American political scientist (born 1938)

Victor Wallis is an American political scientist, author, academic, and activist most known for his work on the relationship between capitalism, ecologies, and socialism. He serves as a professor in the Department of Liberal Arts & Sciences at the Berklee College of Music.

Among Wallis's authored publications are articles, book chapters, and books, including Red-Green Revolution: The Politics and Technology of Ecosocialism (2018) and Socialist Practice: Histories and Theories (2020).

Wallis was the Managing Editor of Socialism and Democracy from 1997 to 2017, and has been Editor-at-Large since then.

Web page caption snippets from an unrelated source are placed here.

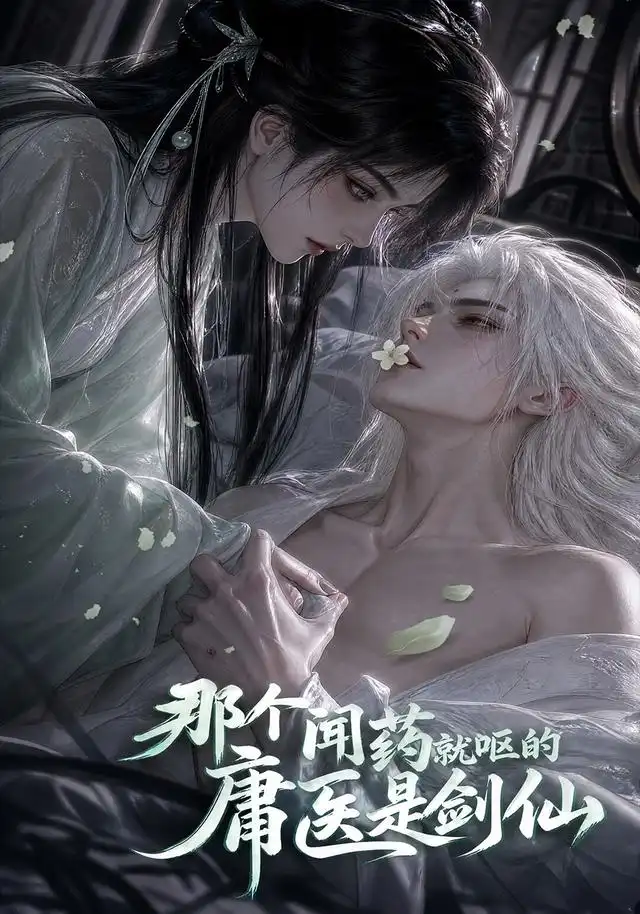 那个闻药就呕的庸医是剑仙（108集）-海之城短剧项目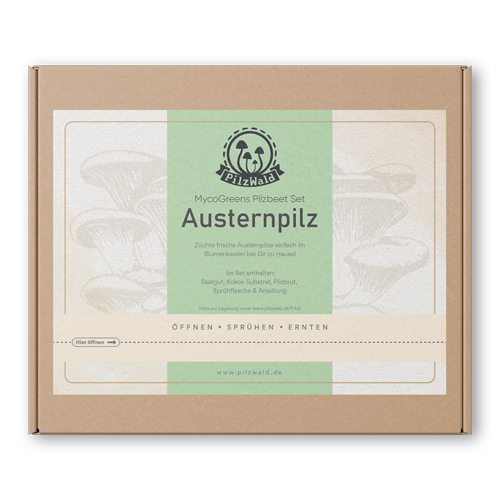 How to | 5 Pilzzucht Anleitungen | PilzWald Akademie 44 How to | 5 Pilzzucht Anleitungen | PilzWald Akademie 41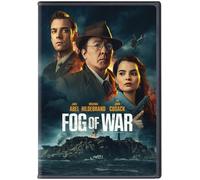 Fog Of War [Digital Video Disc]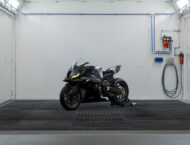 BMW Motorrad Concept RR 2025 6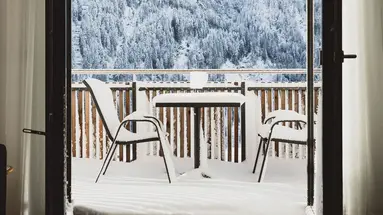 Tante Trude Aparthotel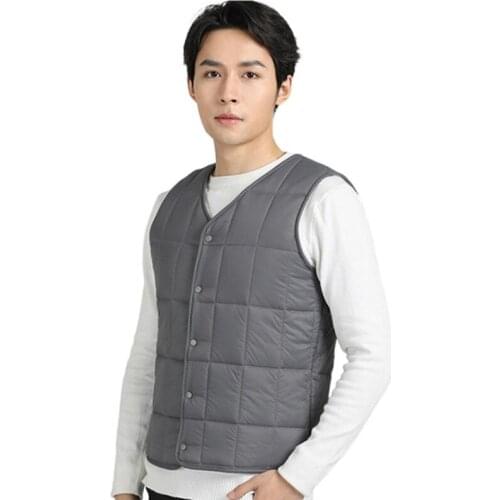 Мужские пуховые жилеты SHANXUAN China At AliExpress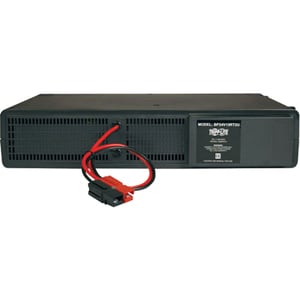 Eaton Tripp Lite Series External 24V 2U External Rack/Tower Battery Pack for Select UPS Systems (BP24V15RT2U), TAA - 24V D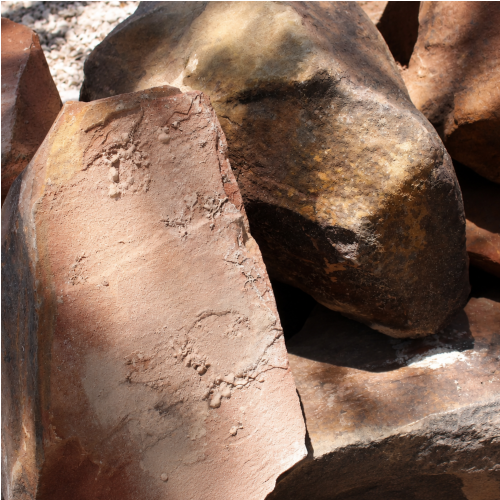 Moss Boulder thumbnail 4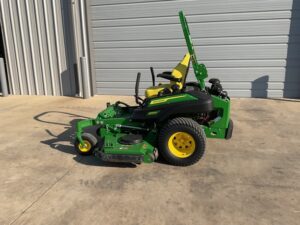2025 John Deere Z950M 2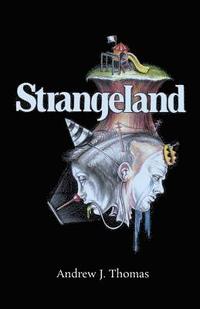 bokomslag Strangeland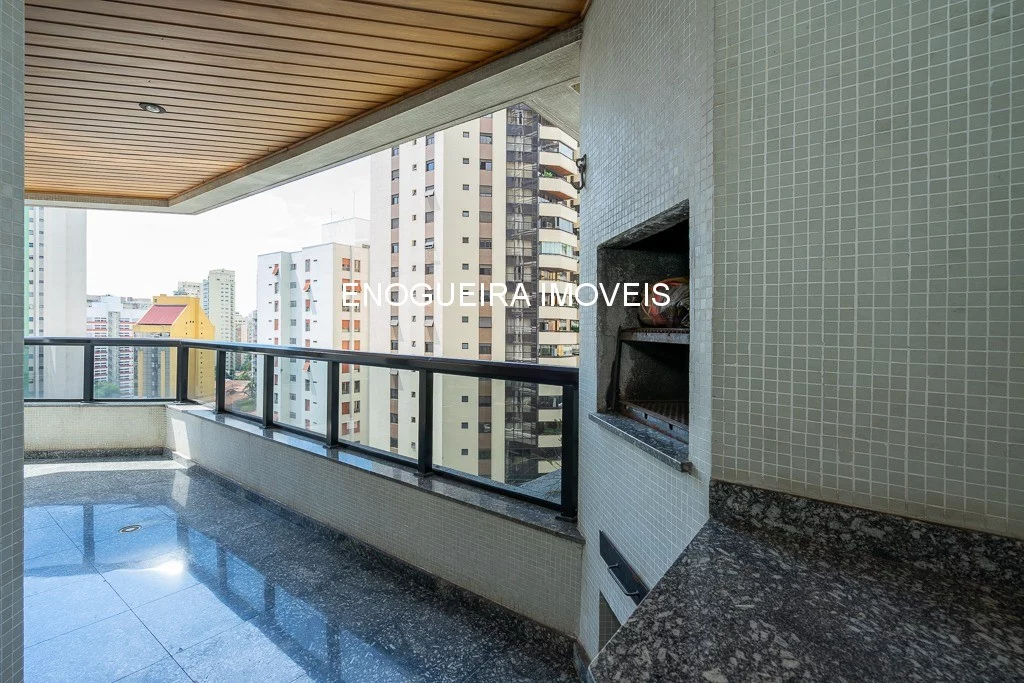 Imagem APARTAMENTO RESIDENCIAL em SÃO PAULO - SP, PERDIZES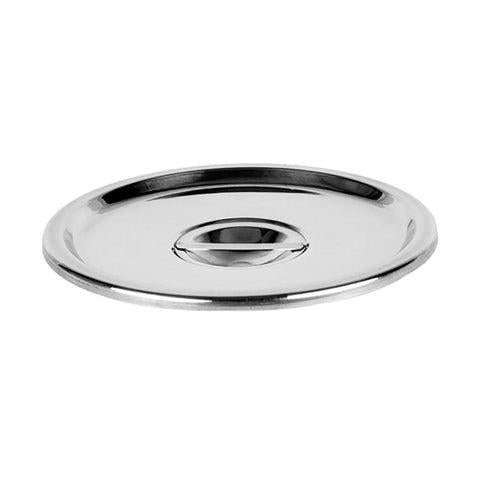 Thunder Group SLBM007 1.5 Qt Bain Marie Lid S/S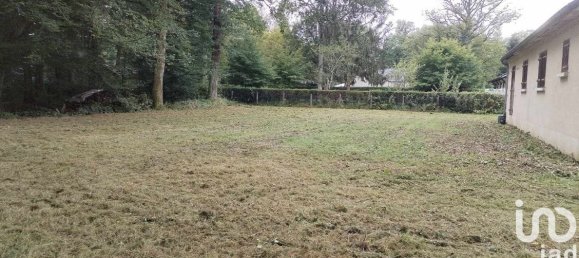 5 rooms House in Foucherolles, France No. 85296 36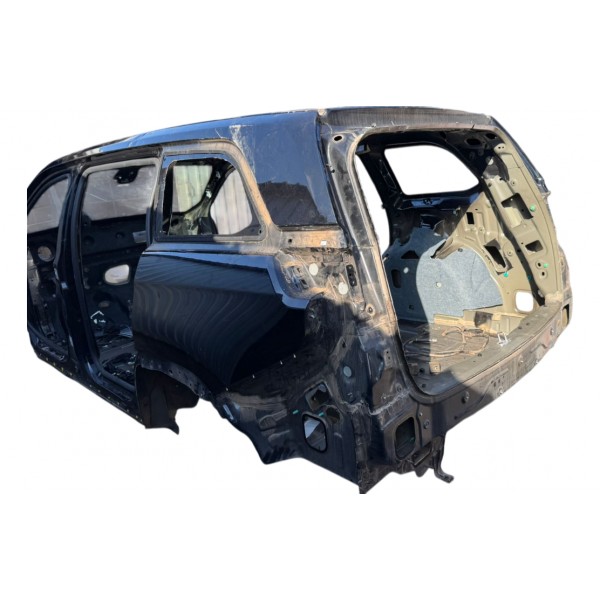 Traseira Baixa Jeep Commander Overland 2021 A 2025 Traseira Baixa Jeep Commander Overland 2021 A 2025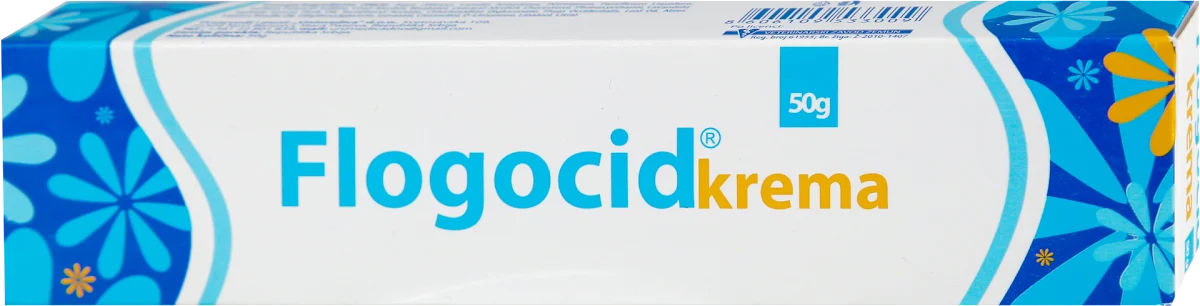 Krema, 50 g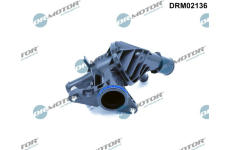 Termostat, chladivo Dr.Motor Automotive DRM02136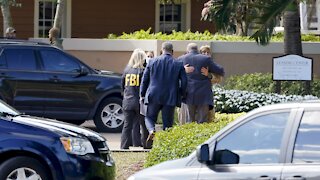 2 FBI Agents Killed, 3 Others Injured In Florida Shootout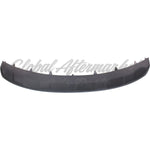 BUMPER LOWER MOLDING FR MATTE DARK GRAY TEXTURED EXCLUDE SX — photo 4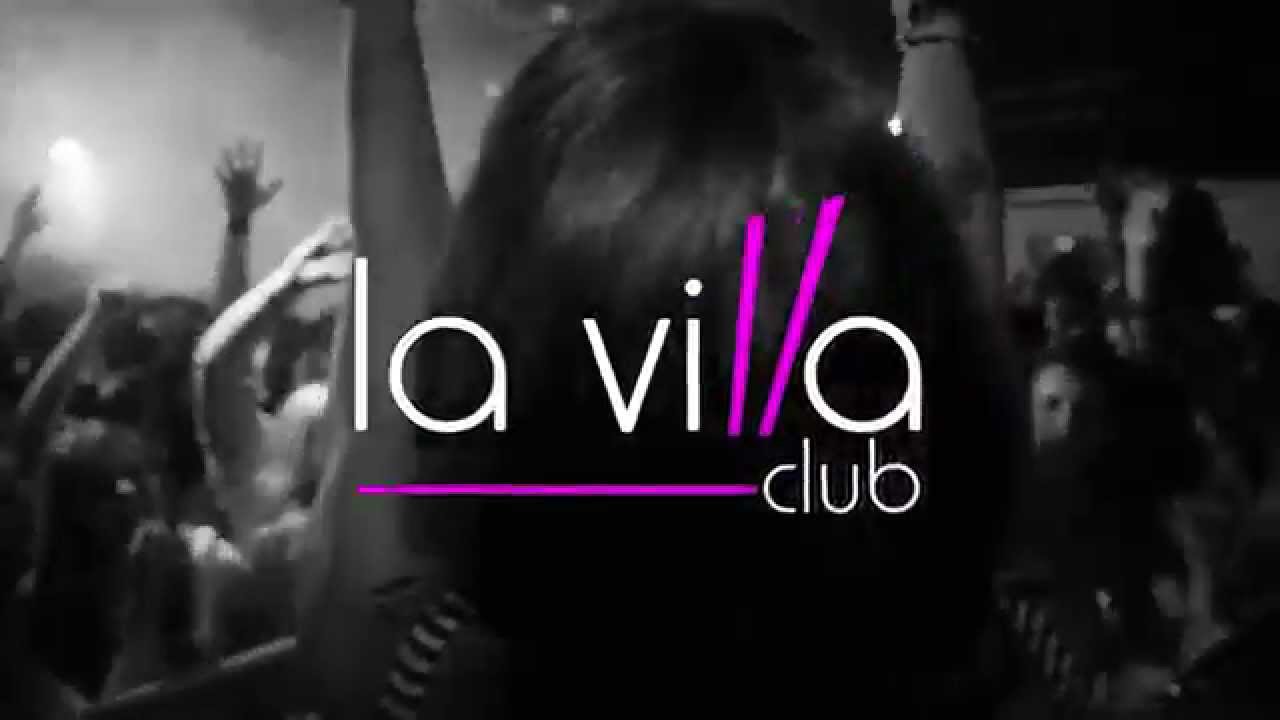 (TEASER) La Villa Club - Maeva Carter - HD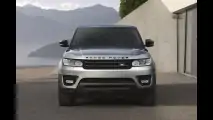 Range Rover Sport 2017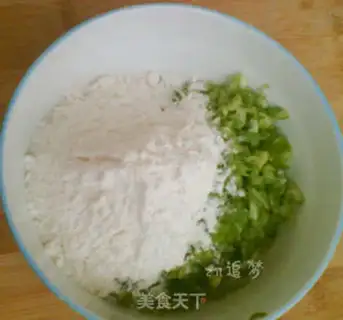 Make step 2
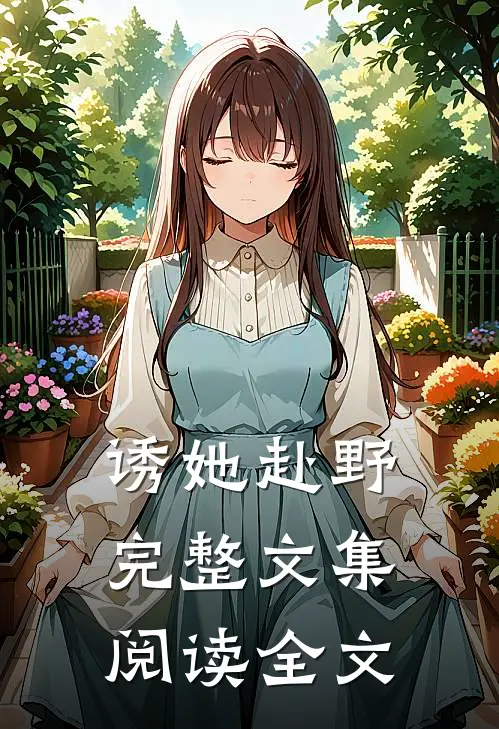 诱她赴野完整文集阅读全文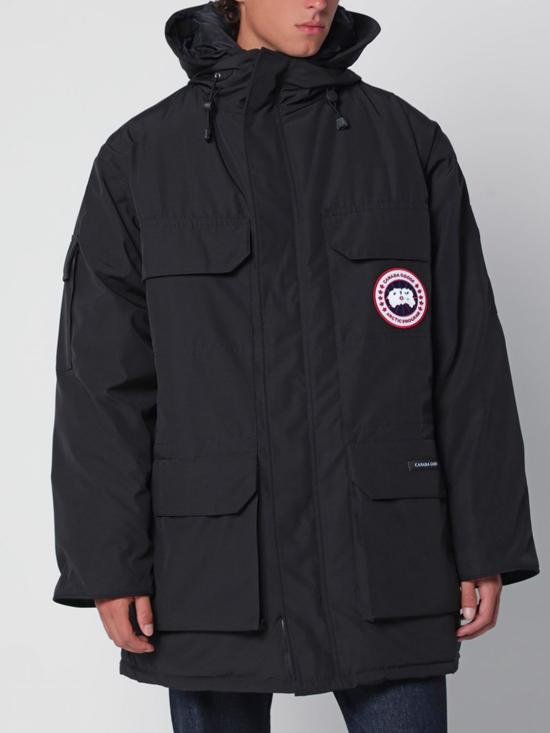 26FW 캐나다구스 익스페디션 파카 2051M 9061 Black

In 1977, he was elected Chair of the Caucus for a New Political Science (CNPS) for a one-year term, during which he helped in founding the Caucus's flagship journal, New Political Science (NPS), and has remained on the journal's editorial board.

==Early life and education==
Wallis was born on September 16, 1938, and immigrated with his family from France to the United States in 1940, when he was two years old. He attended private schools before earning an A.B. in history from Harvard in 1960 and an M.A. in the history of ideas from Brandeis University in 1963. He then completed his Ph.D. in political science at Columbia in 1970, specializing in comparative and Latin American politics. As part of his doctoral research, he spent a year in Chile from 1966 to 1967 as a Fulbright scholar, affiliated with the Facultad Latinoamericana de Ciencias Sociales, writing his dissertation on "Foreign Investment and Chilean Politics."

==Career==
Within academia, Wallis held teaching positions in political science at St. Lawrence University (1968–70), Indiana University-Purdue University at Indianapolis (1970–94), and the Berklee College of Music in Boston (from 1996 onward). He served as the Resident Director of the Indiana/California Program in Lima, from 1982 until 1983, and in the fall of 1987, he directed the International Honors Program in Europe. During the spring of 1988, he was a Resident Scholar at the Institute for Policy Studies in Washington.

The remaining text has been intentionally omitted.